Exercise description:
Give the lines below again exactly, starting with the line that holds "100 Dunkirk Road" and going on through the line that holds "portrait of a".

Input material:
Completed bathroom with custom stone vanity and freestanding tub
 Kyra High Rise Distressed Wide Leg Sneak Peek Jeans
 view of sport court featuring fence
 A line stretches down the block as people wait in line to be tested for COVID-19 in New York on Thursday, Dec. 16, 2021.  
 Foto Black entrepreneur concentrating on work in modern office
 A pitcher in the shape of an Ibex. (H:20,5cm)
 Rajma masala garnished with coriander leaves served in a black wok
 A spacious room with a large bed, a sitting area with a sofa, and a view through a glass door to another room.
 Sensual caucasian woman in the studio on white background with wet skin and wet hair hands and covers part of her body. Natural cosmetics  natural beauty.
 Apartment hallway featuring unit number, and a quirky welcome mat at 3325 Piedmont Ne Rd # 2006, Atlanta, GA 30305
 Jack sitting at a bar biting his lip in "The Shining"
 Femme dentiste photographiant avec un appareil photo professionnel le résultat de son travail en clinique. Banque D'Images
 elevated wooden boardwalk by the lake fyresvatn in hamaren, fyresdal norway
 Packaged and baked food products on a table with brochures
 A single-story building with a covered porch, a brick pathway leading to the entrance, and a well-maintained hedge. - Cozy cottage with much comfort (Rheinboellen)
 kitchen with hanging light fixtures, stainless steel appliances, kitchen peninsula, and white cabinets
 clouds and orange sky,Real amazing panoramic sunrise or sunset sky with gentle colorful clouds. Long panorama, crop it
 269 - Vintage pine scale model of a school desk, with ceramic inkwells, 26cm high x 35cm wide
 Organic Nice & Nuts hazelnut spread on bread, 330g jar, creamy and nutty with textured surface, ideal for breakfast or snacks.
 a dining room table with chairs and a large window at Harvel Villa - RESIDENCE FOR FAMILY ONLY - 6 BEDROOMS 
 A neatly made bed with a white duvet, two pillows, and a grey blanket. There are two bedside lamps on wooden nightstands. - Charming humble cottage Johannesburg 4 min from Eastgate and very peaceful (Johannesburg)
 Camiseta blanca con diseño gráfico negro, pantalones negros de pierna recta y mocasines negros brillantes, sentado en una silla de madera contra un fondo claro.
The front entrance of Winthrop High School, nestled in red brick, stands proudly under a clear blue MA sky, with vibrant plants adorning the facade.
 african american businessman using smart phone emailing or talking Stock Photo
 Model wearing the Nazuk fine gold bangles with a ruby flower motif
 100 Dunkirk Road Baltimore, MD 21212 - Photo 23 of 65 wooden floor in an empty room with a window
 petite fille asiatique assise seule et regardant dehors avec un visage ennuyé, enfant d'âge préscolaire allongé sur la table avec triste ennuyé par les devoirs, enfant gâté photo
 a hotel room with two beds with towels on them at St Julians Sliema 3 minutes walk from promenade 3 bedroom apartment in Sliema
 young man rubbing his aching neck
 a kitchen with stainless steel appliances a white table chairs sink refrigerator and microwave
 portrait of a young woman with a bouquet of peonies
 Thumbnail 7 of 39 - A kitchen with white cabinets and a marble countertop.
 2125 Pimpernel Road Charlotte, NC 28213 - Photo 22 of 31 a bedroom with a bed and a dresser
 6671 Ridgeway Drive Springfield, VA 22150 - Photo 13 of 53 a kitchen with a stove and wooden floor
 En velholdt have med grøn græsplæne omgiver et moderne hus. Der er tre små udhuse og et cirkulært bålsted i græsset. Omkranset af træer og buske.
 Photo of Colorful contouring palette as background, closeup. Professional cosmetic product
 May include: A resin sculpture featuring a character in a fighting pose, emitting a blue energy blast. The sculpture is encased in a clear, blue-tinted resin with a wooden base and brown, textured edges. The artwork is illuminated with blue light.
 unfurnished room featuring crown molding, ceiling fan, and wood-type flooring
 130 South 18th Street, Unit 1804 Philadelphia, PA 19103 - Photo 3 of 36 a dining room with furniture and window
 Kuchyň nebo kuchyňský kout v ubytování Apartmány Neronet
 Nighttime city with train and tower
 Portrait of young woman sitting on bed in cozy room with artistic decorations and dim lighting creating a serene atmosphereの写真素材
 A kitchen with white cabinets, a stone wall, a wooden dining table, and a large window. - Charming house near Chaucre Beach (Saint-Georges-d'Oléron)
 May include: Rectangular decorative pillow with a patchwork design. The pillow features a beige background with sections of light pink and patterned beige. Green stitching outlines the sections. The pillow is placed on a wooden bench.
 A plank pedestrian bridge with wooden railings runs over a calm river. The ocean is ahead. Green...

Exercise result:
 100 Dunkirk Road Baltimore, MD 21212 - Photo 23 of 65 wooden floor in an empty room with a window
 petite fille asiatique assise seule et regardant dehors avec un visage ennuyé, enfant d'âge préscolaire allongé sur la table avec triste ennuyé par les devoirs, enfant gâté photo
 a hotel room with two beds with towels on them at St Julians Sliema 3 minutes walk from promenade 3 bedroom apartment in Sliema
 young man rubbing his aching neck
 a kitchen with stainless steel appliances a white table chairs sink refrigerator and microwave
 portrait of a young woman with a bouquet of peonies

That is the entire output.